Tuesday, August 1, 2017

"Let It Be" -- Eating Only What I Grow Installment August 1st 2017



Well, it's the first day of not having the huge store in Swormville.  I moved all my stuff out of the shop yesterday and I'm feeling sluggish today to say the least.  Most of the stuff is in storage waiting for me to set up at the new smaller store in which I will have less stress and more free time.  I am looking forward to this. 
This is the reason for such a huge lapse between blogs.  I was so busy with the store closing sale and then the looming move, it was difficult to even think, say nothing about gardening and all the other things that go along with it. 
So today, for the first time in a very long time, I am a free woman.  I have no place I absolutely have to be today.  So, I have plopped myself down under the oak tree in the yard with Pickles the cat and I am giving myself time to write.  And be.  Mike is in the house vacuuming, so there is no peace like the oak tree.  Pickles is rolling around on his back purring, trying to get my undivided attention.  This is a fun thing to watch.  Such a silly. 

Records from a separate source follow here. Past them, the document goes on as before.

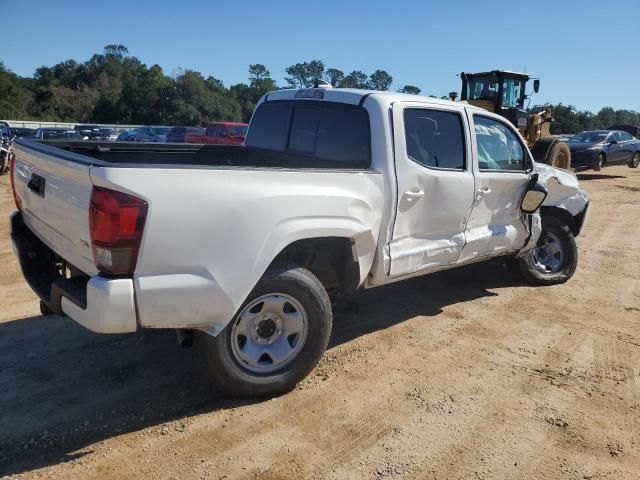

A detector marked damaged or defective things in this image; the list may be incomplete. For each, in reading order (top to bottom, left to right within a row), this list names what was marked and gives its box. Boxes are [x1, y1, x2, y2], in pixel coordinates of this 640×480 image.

damaged passenger door [390, 103, 476, 280] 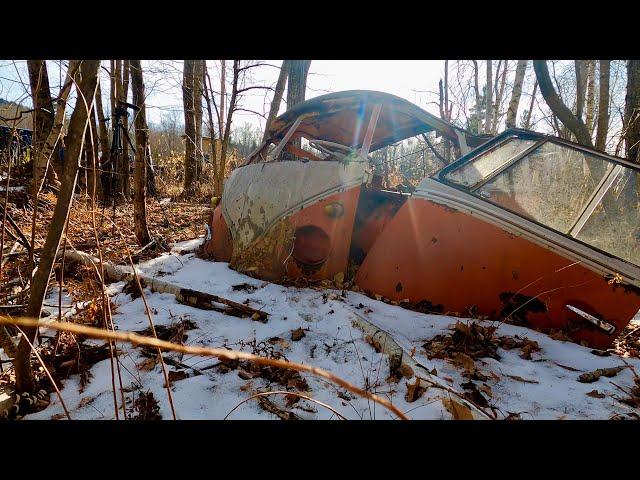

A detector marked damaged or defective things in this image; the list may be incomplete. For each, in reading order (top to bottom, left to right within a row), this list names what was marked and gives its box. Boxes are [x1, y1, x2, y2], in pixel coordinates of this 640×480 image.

rusty orange van [204, 89, 640, 348]
abandoned vehicle body [204, 90, 640, 348] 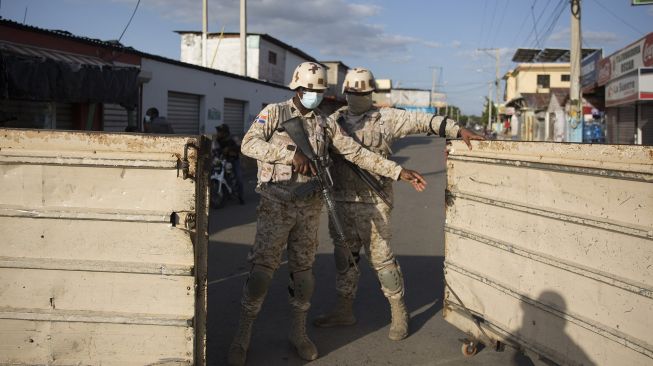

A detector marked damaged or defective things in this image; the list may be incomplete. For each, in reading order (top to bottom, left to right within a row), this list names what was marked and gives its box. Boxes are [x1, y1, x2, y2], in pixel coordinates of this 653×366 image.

rusty metal bracket [177, 142, 197, 179]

So, needless to say, my blog and my gardens have been neglected.  The cucumbers need to be picked.  The tansy is falling all over the sweet annie and my broccoli plants giving them too much shade.  There are still herbs to be planted.  The calendula has flowered so much that many of the flowers have gone to seed and I need to pick them all off so I keep getting flowers all season.  Not really a big deal, as they flowered until after frost last year.  I was busy with the store last year, so nothing even got picked, I don't think. 
There are a few things in the garden that seem to have been waiting for me to return from being too busy.  The zucchini, yellow squash and my favorite patty pans haven't even begun to give me the abundant crop they usually do.  I've only had a few.  The cucumbers have been giving me one to two a day because they knew I needed to eat a few a day to stay healthy during this period of stress.  I noticed two berries on the black berry plants that were ripe, so it seems they will be just getting around to  be ripe just in time for me to freeze them for the winter.   No tomatoes yet.  No beans yet.  They have all been patiently waiting for me.

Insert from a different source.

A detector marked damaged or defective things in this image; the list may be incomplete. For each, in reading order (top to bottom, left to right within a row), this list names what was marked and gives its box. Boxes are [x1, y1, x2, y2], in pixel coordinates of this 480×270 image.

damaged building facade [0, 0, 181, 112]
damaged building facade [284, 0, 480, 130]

I really feel this amazing connection to the earth, the animals, the seasons, the plants.  In all my endeavors in my life, I feel very strongly that this one thing is the very reason things always work out for me.  Of course I work really hard at the things I do, but things just seem to come into place at the very moment I need them.  I looked for two months to find a new shop.  Nothing was charming enough or inexpensive enough to put it in place for me.  So I gave it up and let it go.  A couple days later my friend let me know she had taken over a shop and had a big room for me to rent.  Exactly the situation I needed at that time. 
I also have the whole gratitude thing.  I don't think we give gratitude enough attention.  If we are grateful of the things that happen even though they may not seem great at the time, things will work out for the best.  I see people doing things out of spite, and hate and jealousy and they get back only what they put out.  Things don't work out for people when they work out of a bad place in their heart.

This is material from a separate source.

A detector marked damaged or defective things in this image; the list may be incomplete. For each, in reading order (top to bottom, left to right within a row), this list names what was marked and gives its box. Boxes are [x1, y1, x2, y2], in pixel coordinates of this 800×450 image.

So, my gardens and my animals have been waiting for me to have time for them.  My connection with nature allows me freedom to work things out.  Connection has many facets.  Respect is a big one.  Letting nature be nature.  Trying to control it with herbicides, pesticides and all sorts of poisons or machines is only counter -productive.  Nature always wins.  If we let a few weeds grow where nature thinks they should grow, we may find amazing things.  Like an abundance of bees or butterflies that have been dropping in population.  This of course is an example that could be so many different things. 
Let things be.  Let yourself just be.  Stop trying to control everything in life.  It doesn't work.  Nature always wins.  Be grateful for it.